Set out the records below again exactly; skip the images.

--- STORED DATA Enclosed Below ---

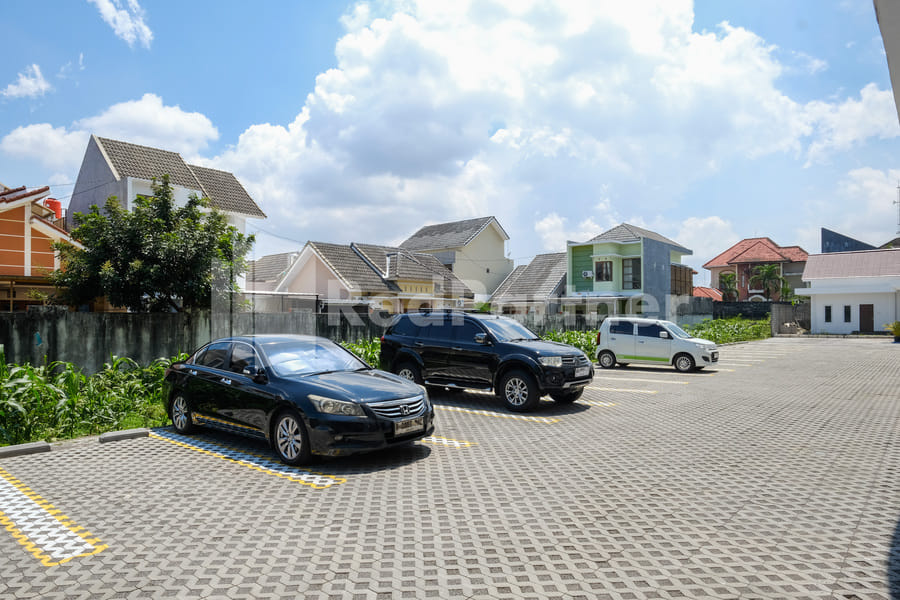 Tentram Guesthouse near Amikom Mitra RedDoorz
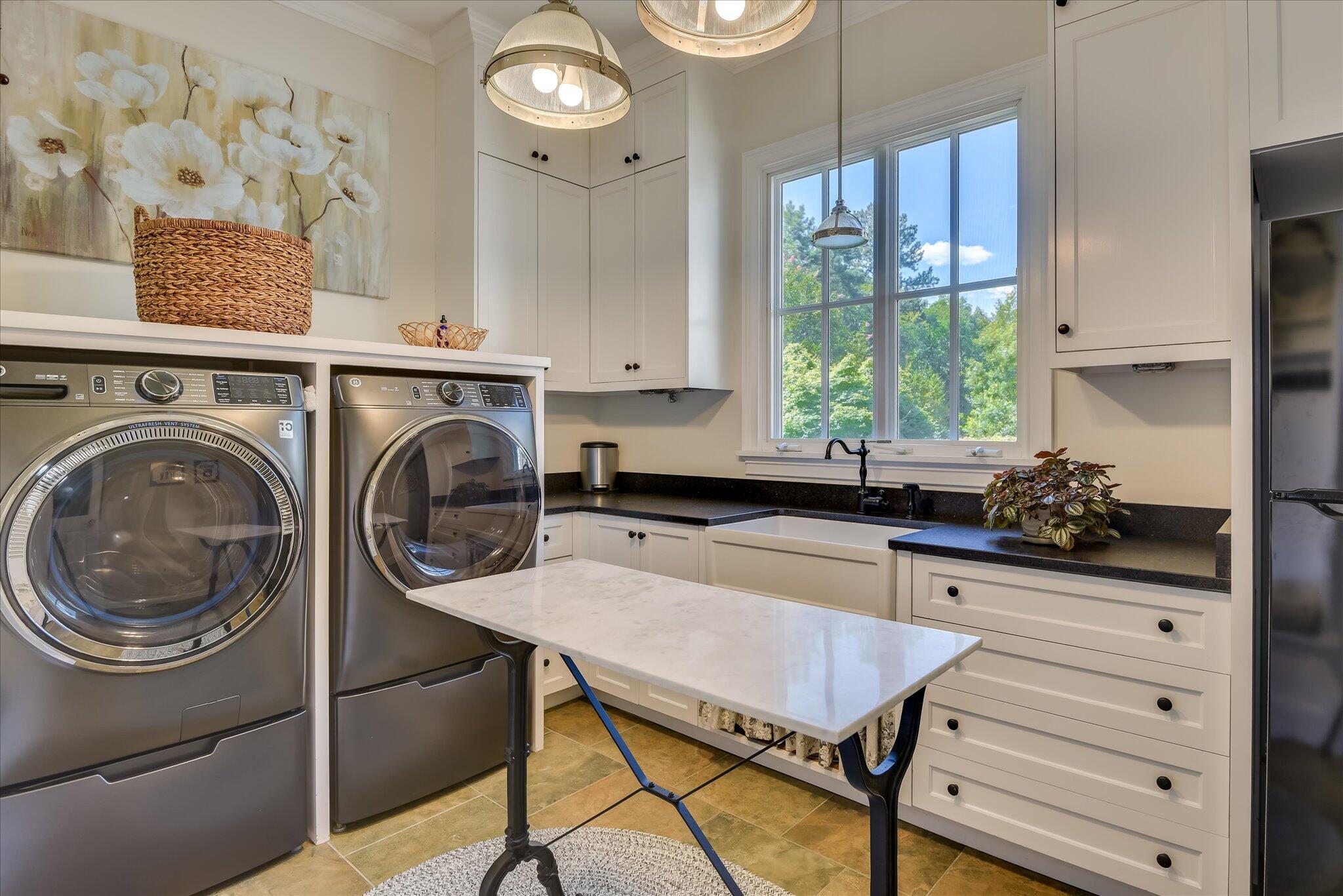 1595 River Island Parkway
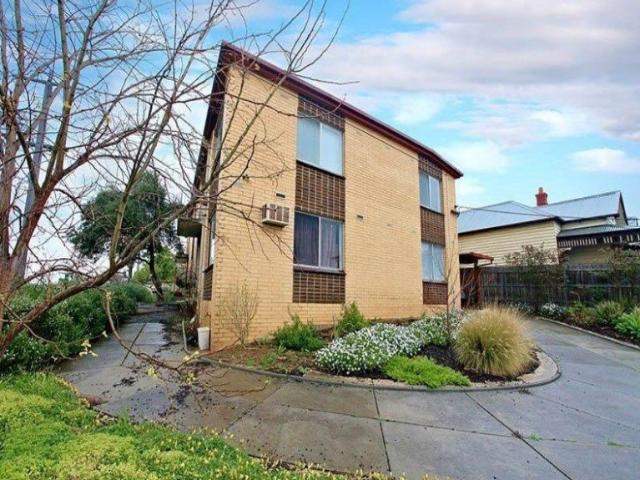 Spacious Apartment with Courtyard, Carport, and Ultimate Convenience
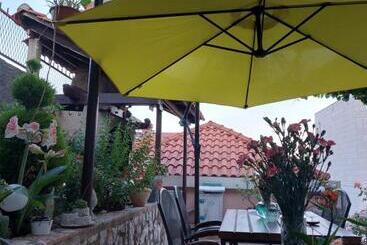 Отель Guesthouse Ivona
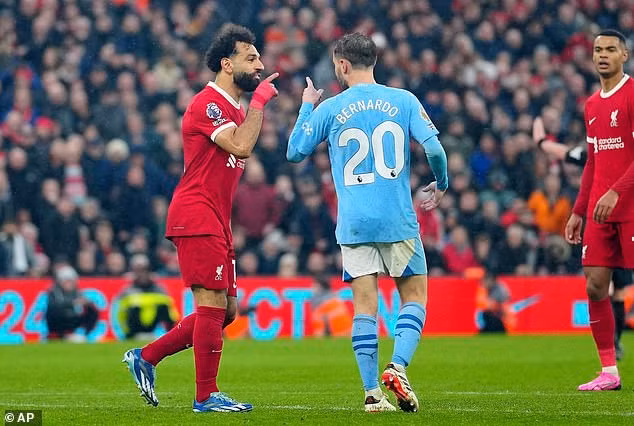Chùm ảnh: Liverpool, Man City ‘dâng’ ngôi đầu Ngoại hạng Anh cho Arsenal 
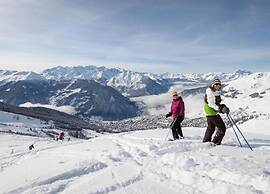 Chalet in La Tzoumaz Near Ski Slopes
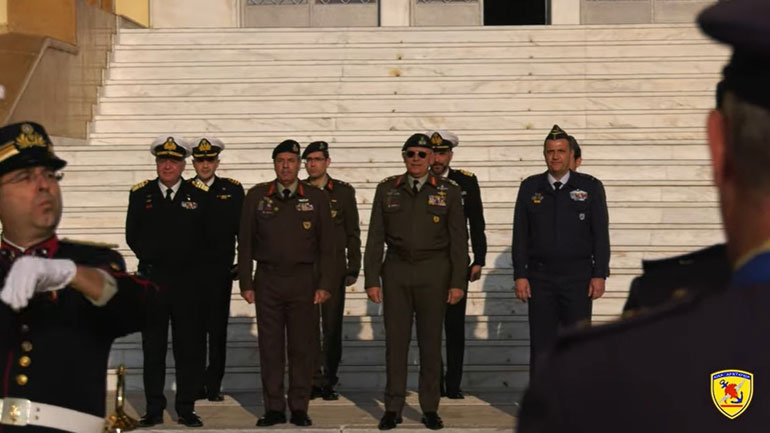 Πρωτοχρονιάτικα Κάλαντα και ανταλλαγή ευχών του αρχηγού ΓΕΕΘΑ με προσωπικό των Ενόπλων Δυνάμεων Πρωτοχρονιάτικα Κάλαντα και ανταλλαγή ευχών του αρχηγού ΓΕΕΘΑ με προσωπικό των Ενόπλων Δυνάμεων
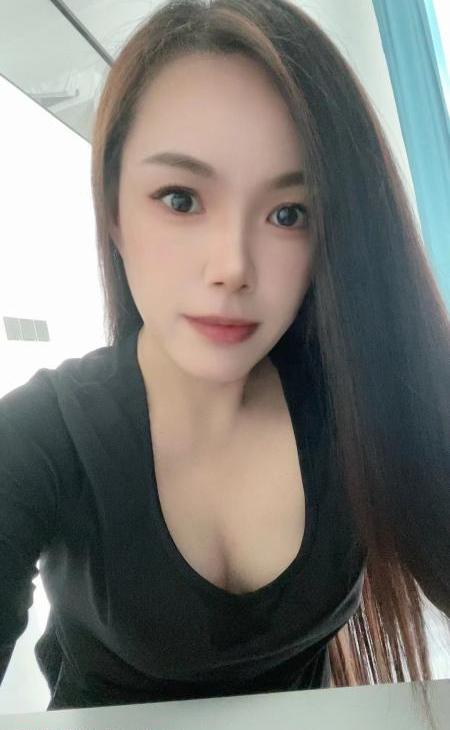 娇小性价比妹子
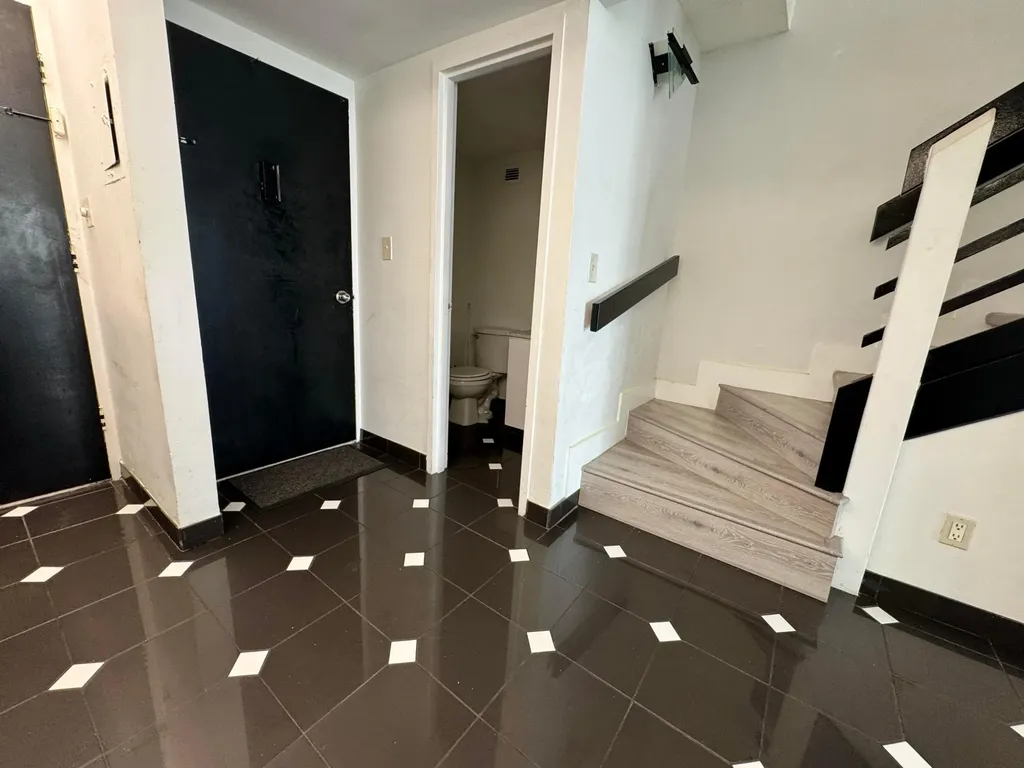 5401 Collins Avenue Miami Beach FL 33140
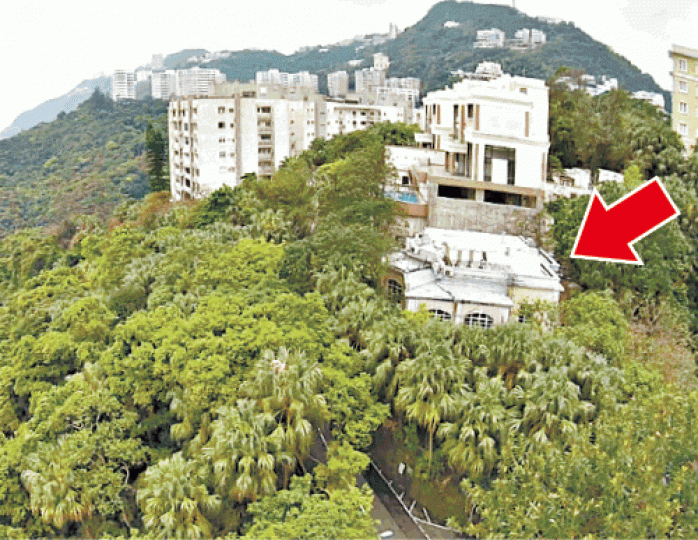 ■山頂甘道23號大宅(箭嘴示)整個地段交由政府保育及活化。資料圖片
■山頂甘道23號大宅(箭嘴示)整個地段交由政府保育及活化。資料圖片
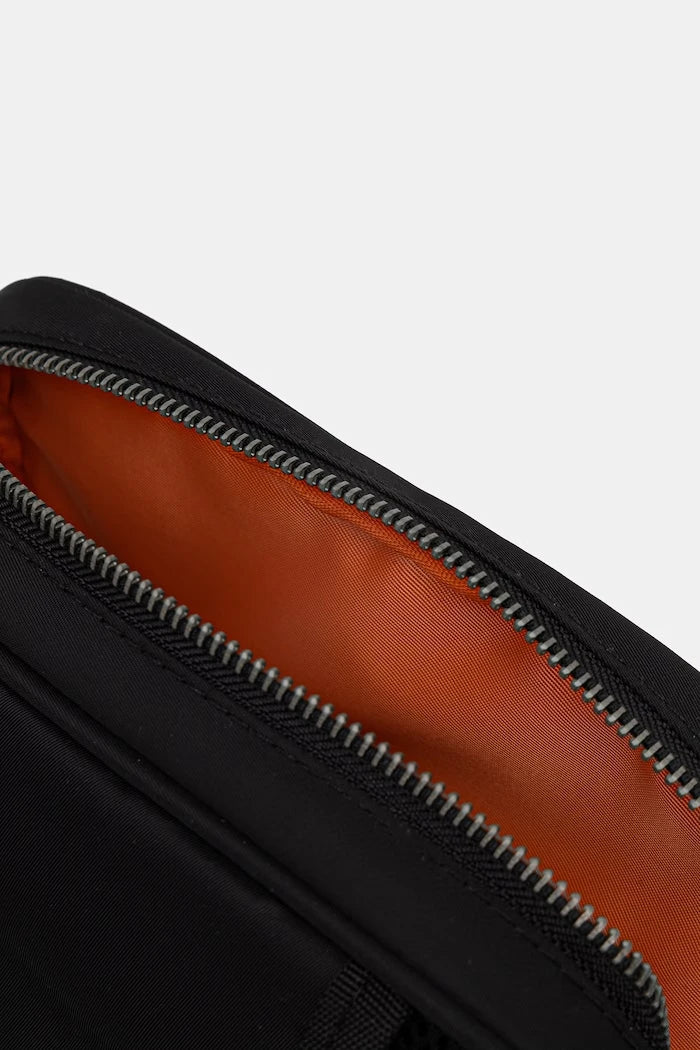 Чанта през рамо Alpha Industries Label Sling Bag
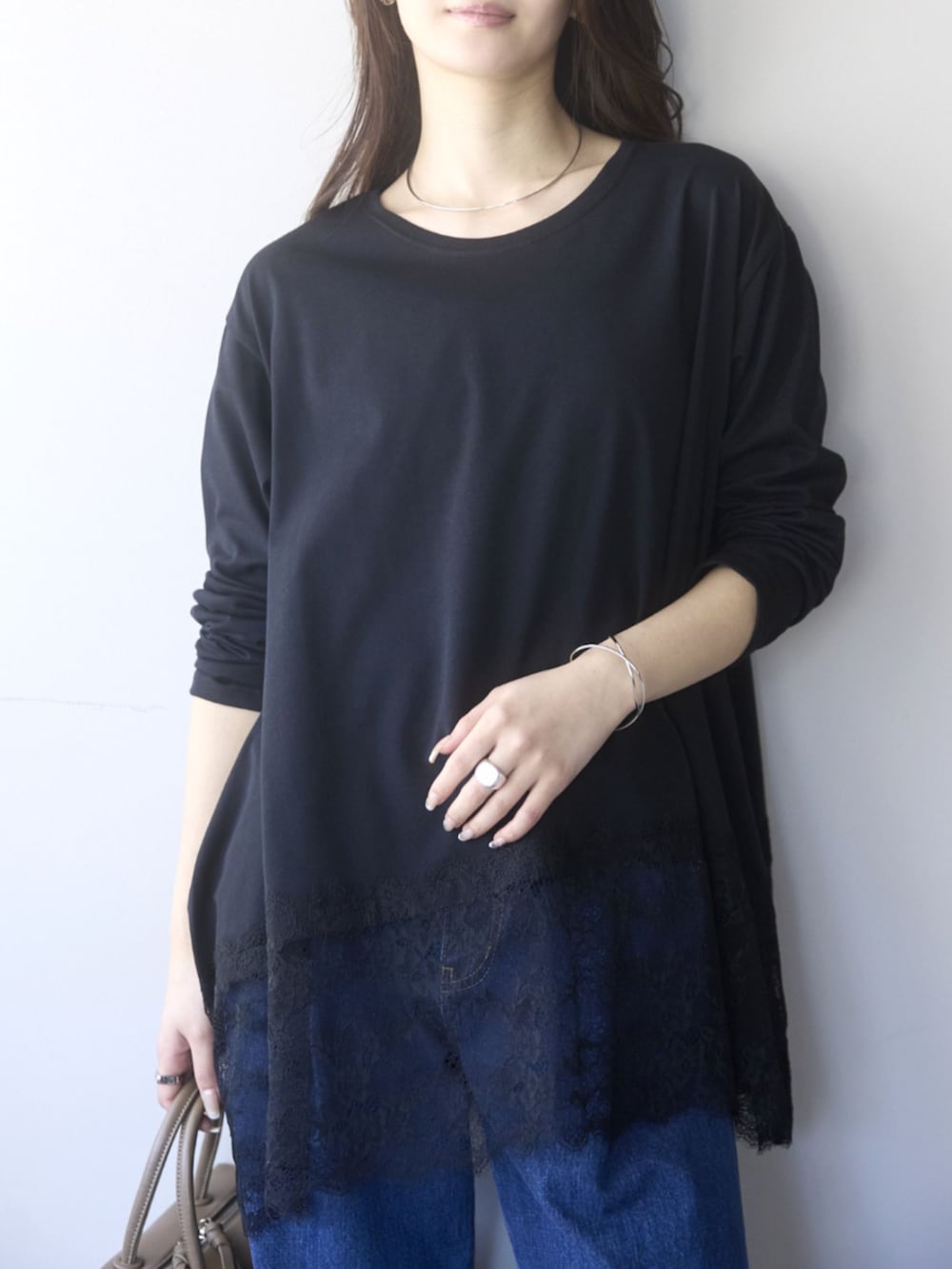 ブルー系のデニムパンツ、ブラック系のTシャツ/カットソーを着用したレディースの春コーディネートの2枚目の写真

--- End of Enclosed STORED DATA ---

§ RESPONSE BELOW
 Tentram Guesthouse near Amikom Mitra RedDoorz
 1595 River Island Parkway
 Spacious Apartment with Courtyard, Carport, and Ultimate Convenience
 Отель Guesthouse Ivona
Chùm ảnh: Liverpool, Man City ‘dâng’ ngôi đầu Ngoại hạng Anh cho Arsenal 
 Chalet in La Tzoumaz Near Ski Slopes
 Πρωτοχρονιάτικα Κάλαντα και ανταλλαγή ευχών του αρχηγού ΓΕΕΘΑ με προσωπικό των Ενόπλων Δυνάμεων Πρωτοχρονιάτικα Κάλαντα και ανταλλαγή ευχών του αρχηγού ΓΕΕΘΑ με προσωπικό των Ενόπλων Δυνάμεων
 娇小性价比妹子
 5401 Collins Avenue Miami Beach FL 33140
 ■山頂甘道23號大宅(箭嘴示)整個地段交由政府保育及活化。資料圖片
■山頂甘道23號大宅(箭嘴示)整個地段交由政府保育及活化。資料圖片
 Чанта през рамо Alpha Industries Label Sling Bag
 ブルー系のデニムパンツ、ブラック系のTシャツ/カットソーを着用したレディースの春コーディネートの2枚目の写真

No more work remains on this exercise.